━━ Data excerpt ━━

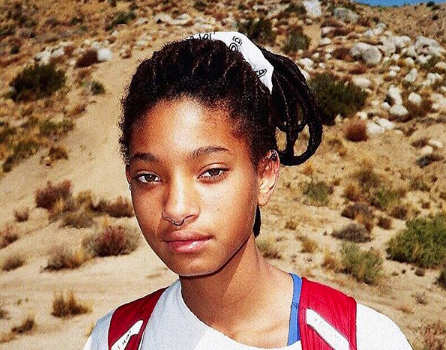Willow Smith: My Life Is Absolutely Terrible.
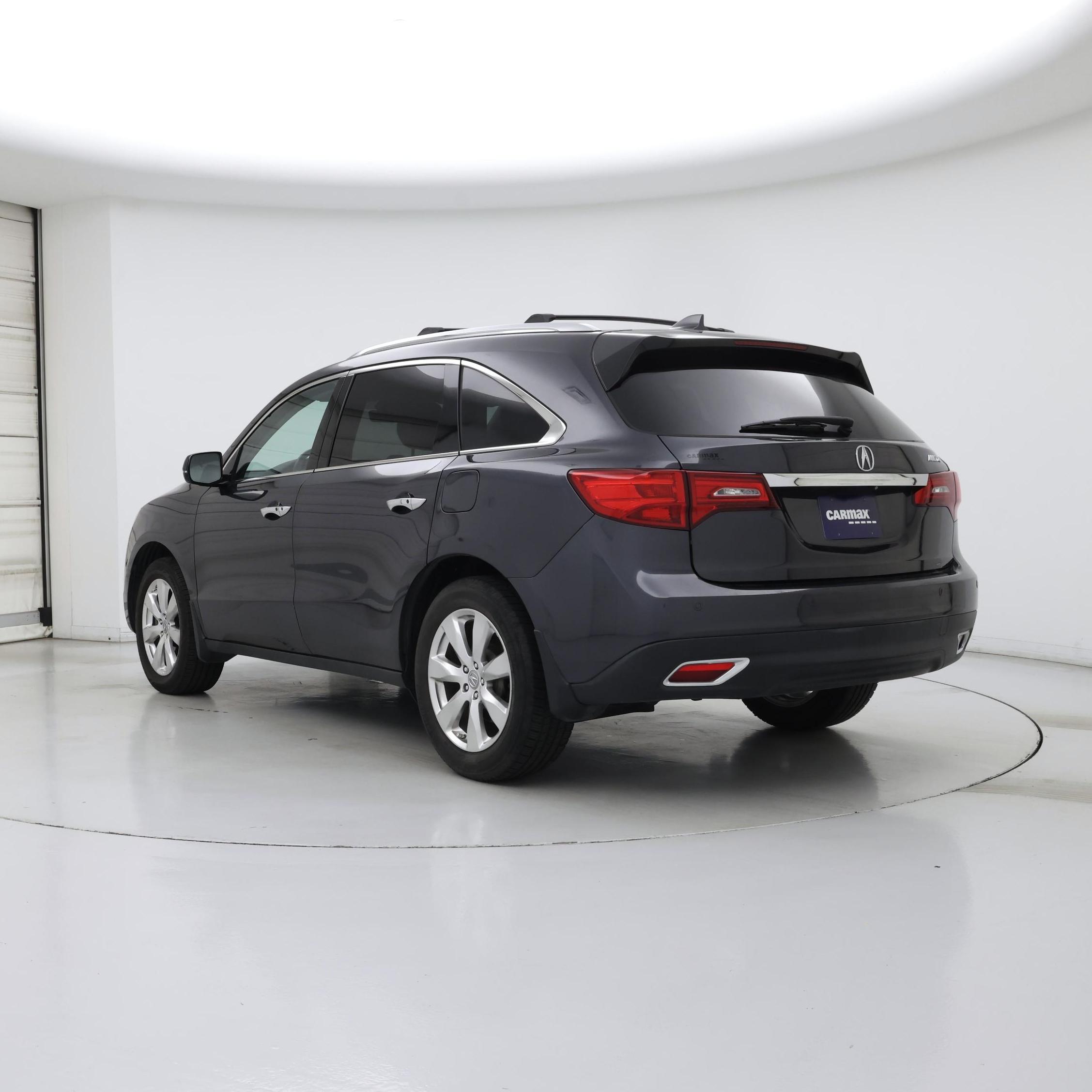 Thumbnail: 2016 Acura MDX - 2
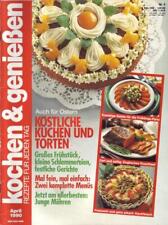 Kochen genießen 1990 gebraucht kaufen  Wunstorf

━━━

◆ What needs to be done: Once the pictures are set aside, repeat the data above exactly.

◆ The completed task:
Willow Smith: My Life Is Absolutely Terrible.
 Thumbnail: 2016 Acura MDX - 2
 Kochen genießen 1990 gebraucht kaufen  Wunstorf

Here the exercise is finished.